In the entries below, find the line with "Wealth Vortex Set" and the line with "grim reaper, full body tattoo design idea"; reproduce those two lines and all lines between them exactly, without pictures.
────────────────────
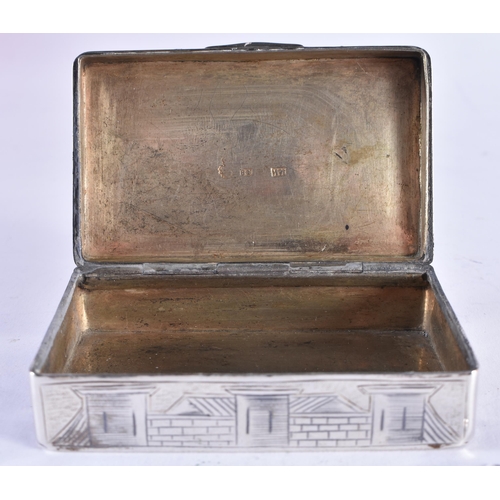 1103 - AN ANTIQUE RUSSIAN SILVER SNUFF BOX. 75.3 grams. 7.5 cm x 4.75 cm.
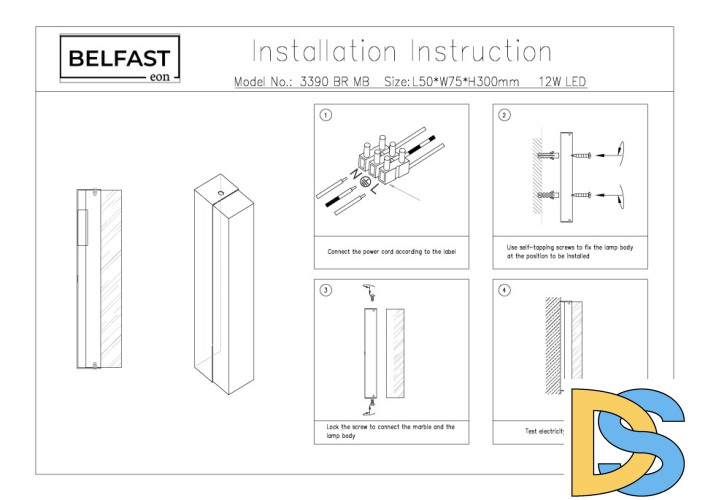 Настенный светильник Belfast Ravenhill 3390 BR MB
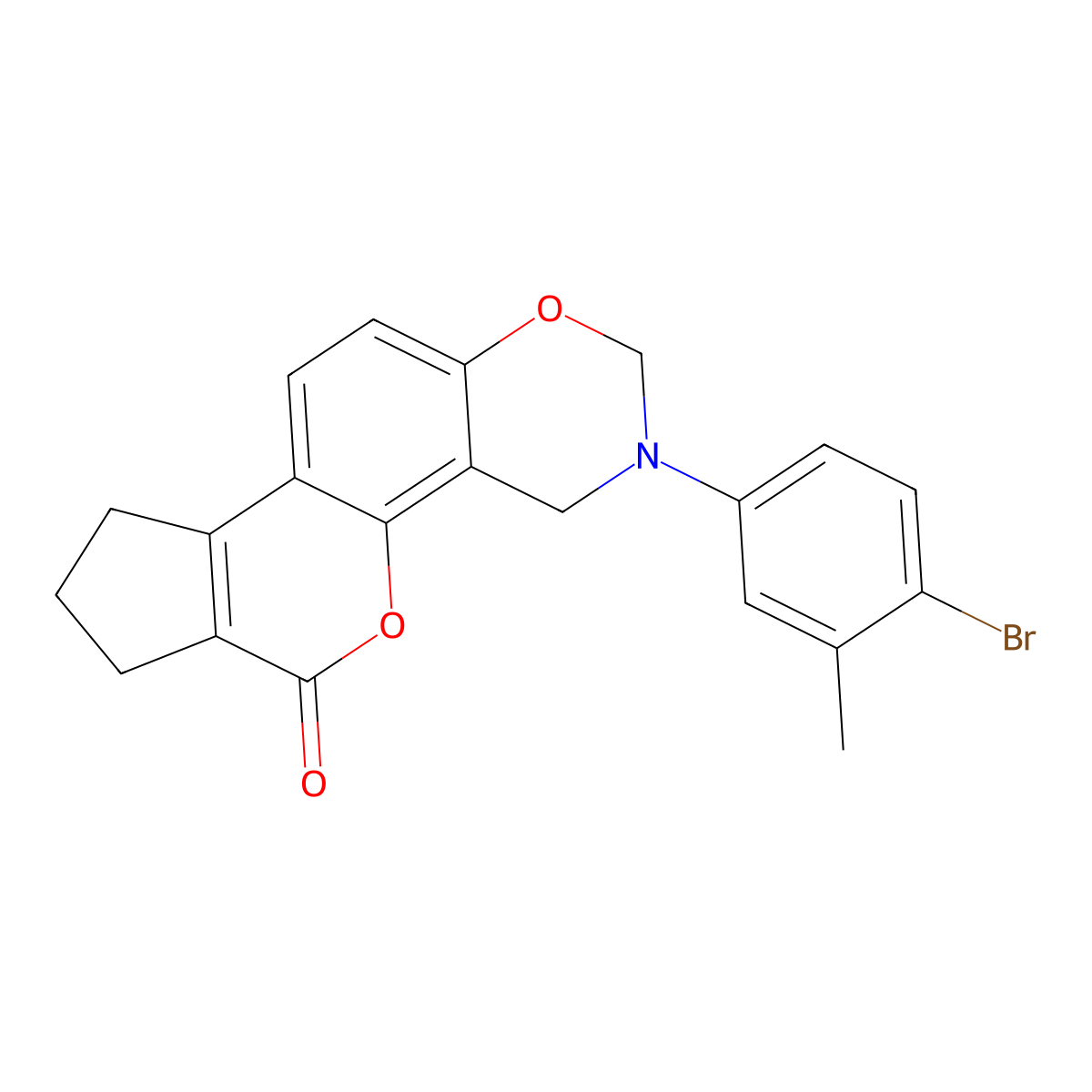 3-(4-bromo-3-methylphenyl)-3,4,8,9-tetrahydro-2H-cyclopenta[3,4]chromeno[8,7-e][1,3]oxazin-6(7H)-one molecular structure, CAS 847855-89-4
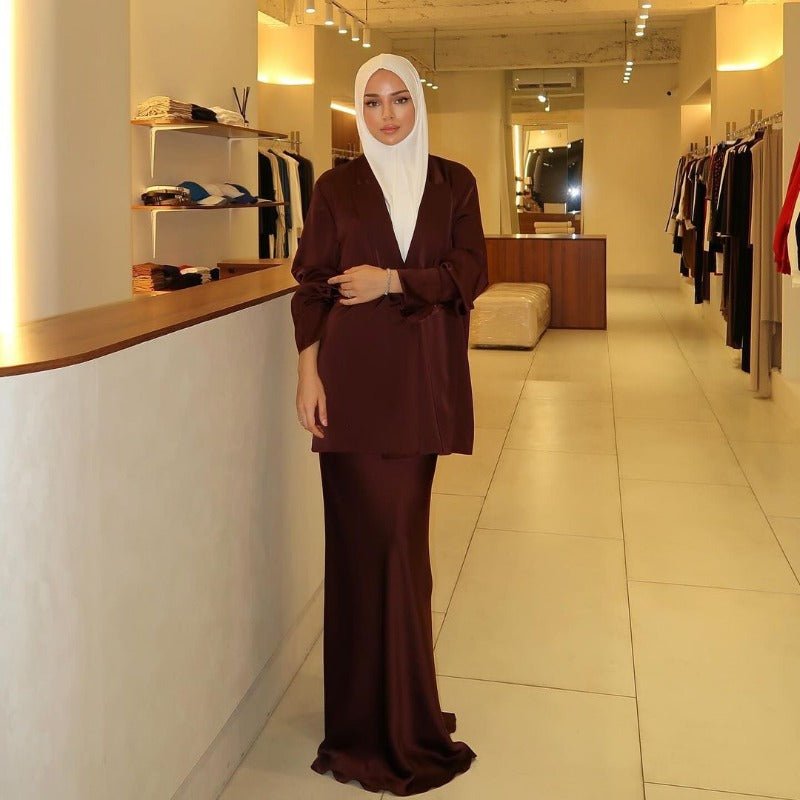 Elegant Satin Blazer & Skirt Set | Professional Two - Piece Suit - Luxurious Office Wear(MS129) - Mariam's Collection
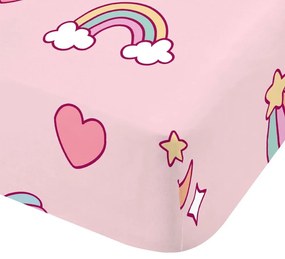 Cearceaf pentru copii roz pentru pat de o persoană cu elastic 90x190 cm Forever Together – Catherine Lansfield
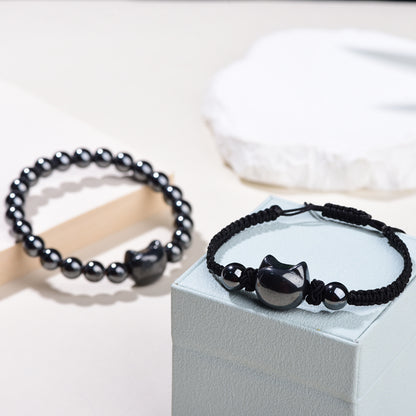 「Ultimate Fortune」-Activating Gift for Cat Lovers: Hematite Twin-Cats Wealth Vortex Set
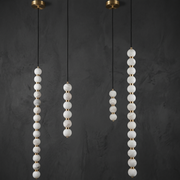 Orbita Modern Veritical Island Pendant Light by Dalmivik, complete fixture view
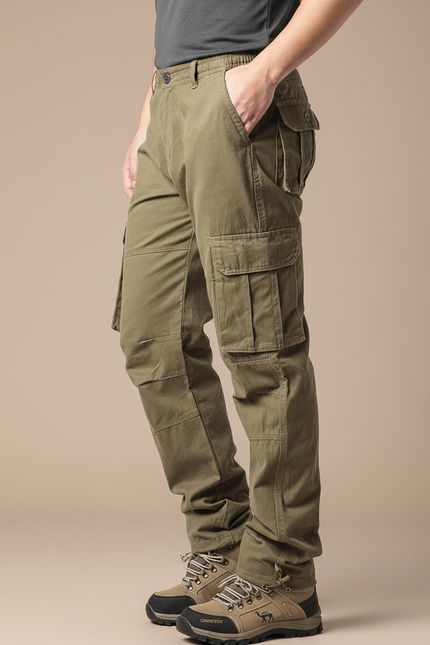 Pantalon Randonnée Kaki Homme Cargo Coton Ample - Toile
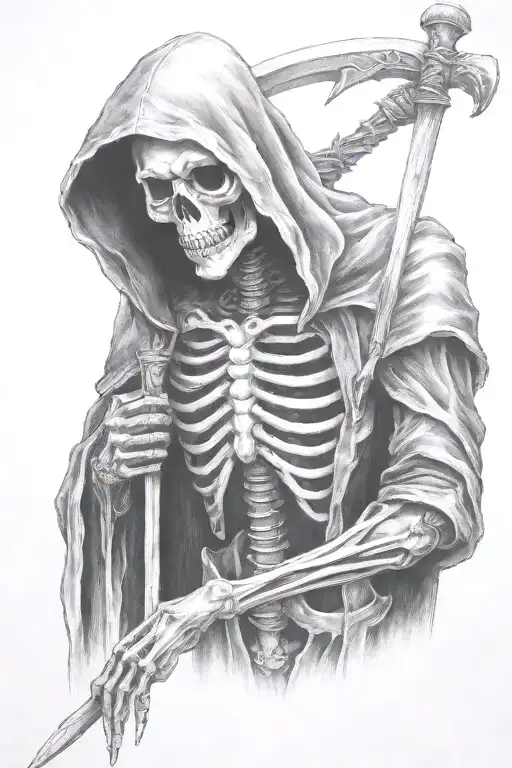 grim reaper, full body tattoo design idea
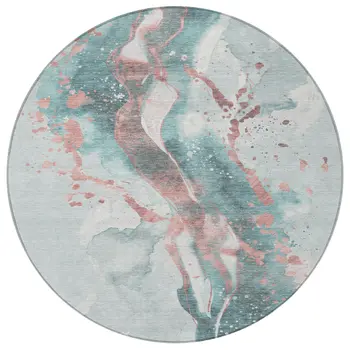 8' Teal Blue And Salmon Round Abstract Washable Indoor Outdoor Area Rug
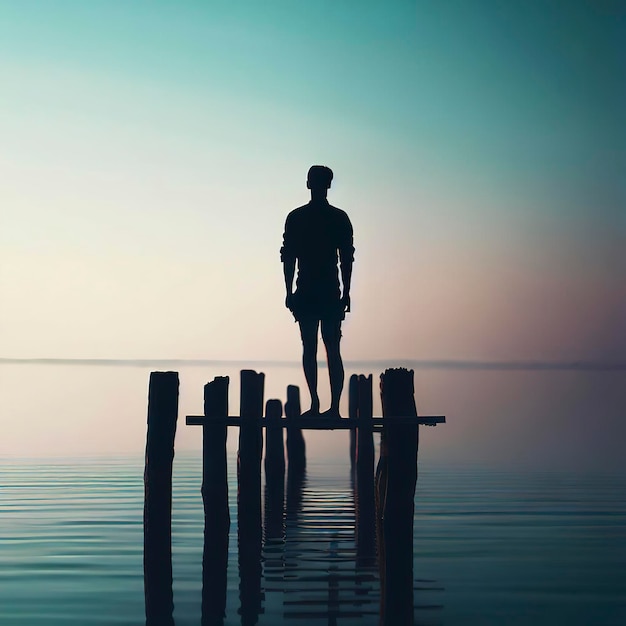 Hermosa imagen de una silueta masculina de pie sobre los pilotes de madera en el agua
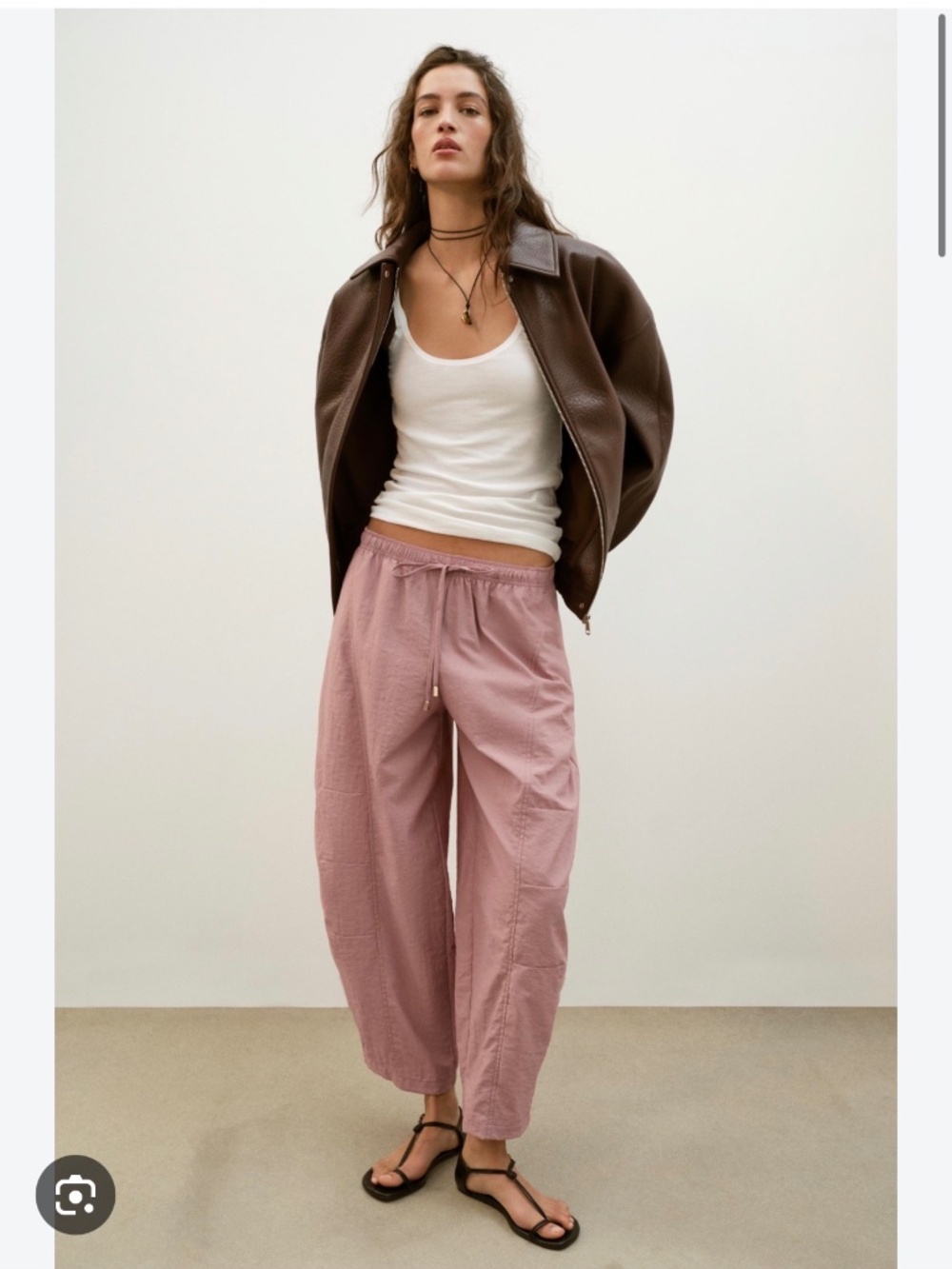 Zara BARREL PANTS WITH ELASTIC WAIST PALE PINK Size Small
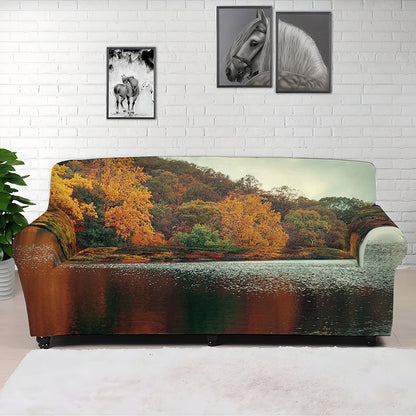 Autumn Lake Print Sofa Cover
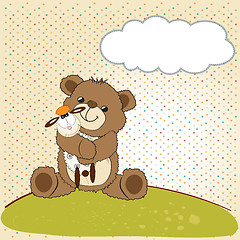 Image showing childish greeting card with teddy bear and his toy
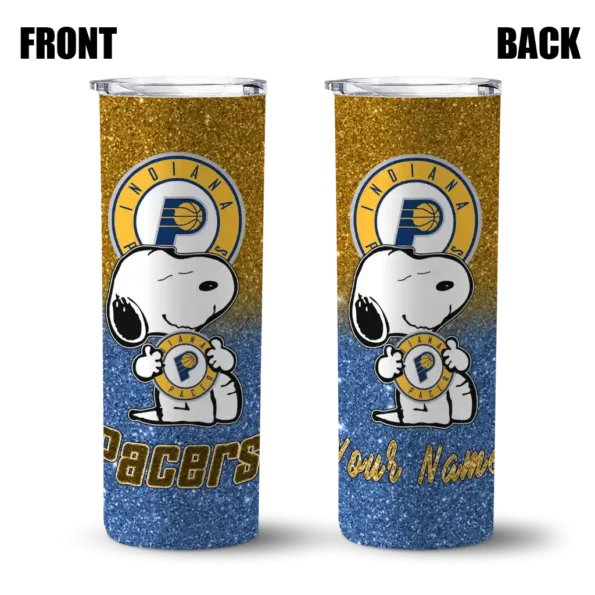 personalized indiana pacers snoopy attitude blue skinny tumbler fashion forward.webp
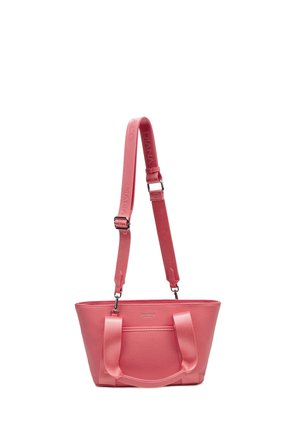 Pink leather handbag with dual handles and an adjustable shoulder strap featuring embossed text.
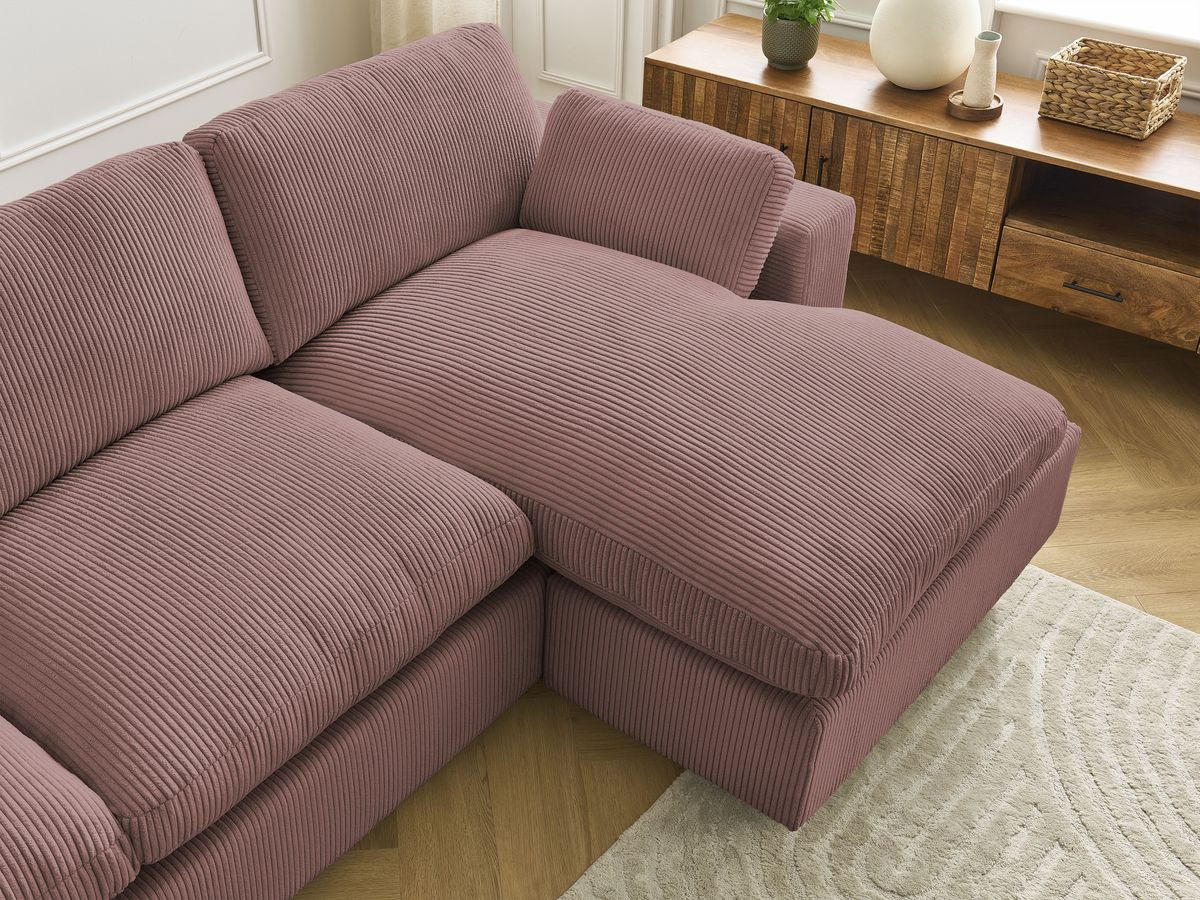 Bobochic Belair Ecksofa 280 × 139 cm Cordsamt Rosa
────────────────────
TASK RESPONSE:
 「Ultimate Fortune」-Activating Gift for Cat Lovers: Hematite Twin-Cats Wealth Vortex Set
 Orbita Modern Veritical Island Pendant Light by Dalmivik, complete fixture view
 Pantalon Randonnée Kaki Homme Cargo Coton Ample - Toile
 grim reaper, full body tattoo design idea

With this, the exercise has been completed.